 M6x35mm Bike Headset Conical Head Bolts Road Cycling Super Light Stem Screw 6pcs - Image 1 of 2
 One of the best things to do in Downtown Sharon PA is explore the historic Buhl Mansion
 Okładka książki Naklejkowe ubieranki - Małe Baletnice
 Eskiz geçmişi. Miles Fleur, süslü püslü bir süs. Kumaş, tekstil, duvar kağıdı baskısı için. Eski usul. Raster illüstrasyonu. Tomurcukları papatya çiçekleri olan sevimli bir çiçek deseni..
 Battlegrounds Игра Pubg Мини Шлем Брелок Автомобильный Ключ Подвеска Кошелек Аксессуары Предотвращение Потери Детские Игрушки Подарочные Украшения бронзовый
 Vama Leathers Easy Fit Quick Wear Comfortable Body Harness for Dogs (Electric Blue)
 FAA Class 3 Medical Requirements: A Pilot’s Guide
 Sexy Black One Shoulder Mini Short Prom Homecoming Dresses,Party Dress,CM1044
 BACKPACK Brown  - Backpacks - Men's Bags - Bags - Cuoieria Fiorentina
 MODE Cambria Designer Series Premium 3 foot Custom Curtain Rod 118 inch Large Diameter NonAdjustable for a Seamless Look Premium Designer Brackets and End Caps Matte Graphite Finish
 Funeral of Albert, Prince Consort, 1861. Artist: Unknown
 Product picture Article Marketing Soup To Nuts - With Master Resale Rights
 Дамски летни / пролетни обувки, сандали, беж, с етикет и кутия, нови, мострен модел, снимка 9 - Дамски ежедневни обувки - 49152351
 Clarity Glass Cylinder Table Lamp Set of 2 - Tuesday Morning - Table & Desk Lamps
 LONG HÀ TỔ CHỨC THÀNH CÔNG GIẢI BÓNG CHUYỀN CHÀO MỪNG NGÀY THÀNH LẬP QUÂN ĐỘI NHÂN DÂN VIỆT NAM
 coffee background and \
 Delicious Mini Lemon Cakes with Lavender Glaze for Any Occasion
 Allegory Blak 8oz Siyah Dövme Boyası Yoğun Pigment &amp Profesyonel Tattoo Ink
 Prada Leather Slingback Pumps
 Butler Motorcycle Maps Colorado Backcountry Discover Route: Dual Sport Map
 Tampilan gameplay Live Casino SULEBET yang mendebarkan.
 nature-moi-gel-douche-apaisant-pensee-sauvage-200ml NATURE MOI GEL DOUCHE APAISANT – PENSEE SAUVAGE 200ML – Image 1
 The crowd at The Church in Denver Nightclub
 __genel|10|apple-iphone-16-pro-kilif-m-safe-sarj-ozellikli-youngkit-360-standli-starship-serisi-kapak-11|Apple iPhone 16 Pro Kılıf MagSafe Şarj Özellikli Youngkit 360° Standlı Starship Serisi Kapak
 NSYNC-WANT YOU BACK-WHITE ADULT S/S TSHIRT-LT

________________________________________

Aim of the exercise:
Above are the records. Copy the lines beginning at the one that has "Eskiz geçmişi. Miles" and ending with the one that has "Funeral of Albert, Prince", unchanged.

Response to this exercise:
 Eskiz geçmişi. Miles Fleur, süslü püslü bir süs. Kumaş, tekstil, duvar kağıdı baskısı için. Eski usul. Raster illüstrasyonu. Tomurcukları papatya çiçekleri olan sevimli bir çiçek deseni..
 Battlegrounds Игра Pubg Мини Шлем Брелок Автомобильный Ключ Подвеска Кошелек Аксессуары Предотвращение Потери Детские Игрушки Подарочные Украшения бронзовый
 Vama Leathers Easy Fit Quick Wear Comfortable Body Harness for Dogs (Electric Blue)
 FAA Class 3 Medical Requirements: A Pilot’s Guide
 Sexy Black One Shoulder Mini Short Prom Homecoming Dresses,Party Dress,CM1044
 BACKPACK Brown  - Backpacks - Men's Bags - Bags - Cuoieria Fiorentina
 MODE Cambria Designer Series Premium 3 foot Custom Curtain Rod 118 inch Large Diameter NonAdjustable for a Seamless Look Premium Designer Brackets and End Caps Matte Graphite Finish
 Funeral of Albert, Prince Consort, 1861. Artist: Unknown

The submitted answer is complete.